▸ Data shown
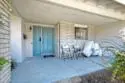 3755 Vista Campana N #64 thumbnail 2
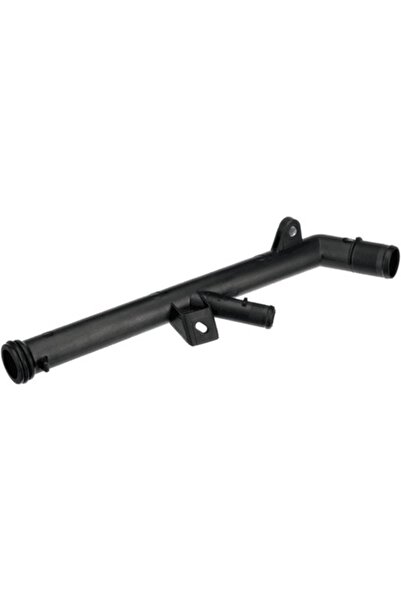 GATES Cuplaj Conducta Lichid Racire Dacia Duster/Logan/Sandero Renault Clio 2...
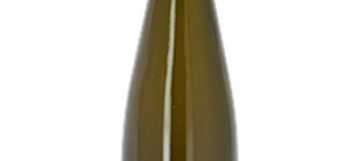 Domaine J Gsell, Gewurztraminer Vendanges Tardives 2015, Alsace Grand Cru 6X75cl Sans-Sandbox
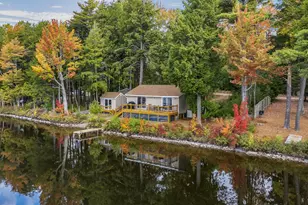 19 Hastings Dr, Holden, ME 04429 - Photo 1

▸ Exercise objective
The data above must be reproduced exactly, without any of its pictures.

▸ Result for this exercise
 3755 Vista Campana N #64 thumbnail 2
 GATES Cuplaj Conducta Lichid Racire Dacia Duster/Logan/Sandero Renault Clio 2...
 Domaine J Gsell, Gewurztraminer Vendanges Tardives 2015, Alsace Grand Cru 6X75cl Sans-Sandbox
 19 Hastings Dr, Holden, ME 04429 - Photo 1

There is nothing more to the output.